Ранее в этой книге было прослежено различие между символом и аллегорией.[296] Аллегория по известным правилам переводима на концептуальный язык, символ являет множество смыслов и несводим к чему-то одному. Однако в том же очерке предполагается, что, исторически говоря, границу между символом и аллегорией проводят не там. Персонификации вовсе не считались пиктограммами, заменяющими надпись. То были скорее истинные изображения или олицетворения высших сущностей, населяющих умопостигаемый мир. Здесь, опять-таки, интеллектуальная традиция, воплощенная в Станце, словно создана для художника. Ораторы, выбравшие эти универсалии объектами хвалы, вполне могли обратиться к воображению с призывом облечь их в плоть.

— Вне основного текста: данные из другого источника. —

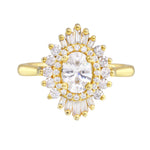 Baguette and Round Diamond Starburst Halo Engagement Ring-Engagement Ring-Ashley Schenkein Jewelry Design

Здесь мы вновь можем опереться на традицию «эпидектического красноречия», представленную в столь полезной антологии Мюльнера. В 1458 году Джованни Аргиропулос, осевший в медичейской Флоренции византийский гуманист, произнес лекцию о «Физике» Аристотеля; ее образный строй приводит на память Астрономию, как увидел ее Рафаэль.

Бессмертные боги, сколь же велико достоинство этой науки, сколь велико ее совершенство, сколь велика сила и мощь, сколь велика также ее краса. Сосредоточьтесь же мыслью, соберитесь, молю вас, и делайте, что вам скажу. Вообразите — ибо дух ваш и мысли свободны, и вы, посредством разума, можете в вашем уме представить любой образ, как если бы он был на самом деле — итак, вообразите и держите перед мысленными очами саму Науку в обличье и виде девы; соберите в ней все идеи, которые составляют Науку — разве она не подобна Елене Зевксида или, вернее, самой Елене, Палладе, Юноне, Диане, Венере? Без сомнения, она далеко превзойдет красою их всех, и пригожесть ее, зримая разумом, никак не может вместиться в слова. О, какую любовь возбудила б она, какой пыл, какое желание, и даже, коли можно мне так сказать, какое вожделение приблизиться, обнять, насладиться ею, если б дух мог узреть ее так, как она есть и может быть зримою в этой сфере…[297]

Нет необходимости говорить, что Рафаэль или те, кто ему советовал, могли не знать об этом конкретном тексте, как и о приведенных выше образчиках того же жанра. Главное, что они должны были внушить молодому живописцу — убеждение в том, что красота — один из атрибутов божественного. Впрочем, художнику рафаэлевского склада об этом не надо было и говорить. Вся традиция христианского искусства, тем более — христианской поэзии, невозможна без этого основания.

Рафаэль Санти. Станца делла Сеньятура. Роспись потолка: Поэзия. Фрагмент

Рафаэль: Поэзия. Рисунок. Виндзорский дворец, Королевская библиотека

Если Рафаэль приступал к своей задаче в подобном духе, ему, вероятно, можно было почти не объяснять на словах, как выразить идею божественности знания в цикле фресок. Возможно, он нуждался в подробном руководстве не больше, чем сочинитель торжественных песнопений — чтобы положить их на музыку.[298] Мы не знаем, каким был исходный текст наставления, но есть определенный род свидетельств, доказывающий, что программа не могла быть очень длинной или очень подробной.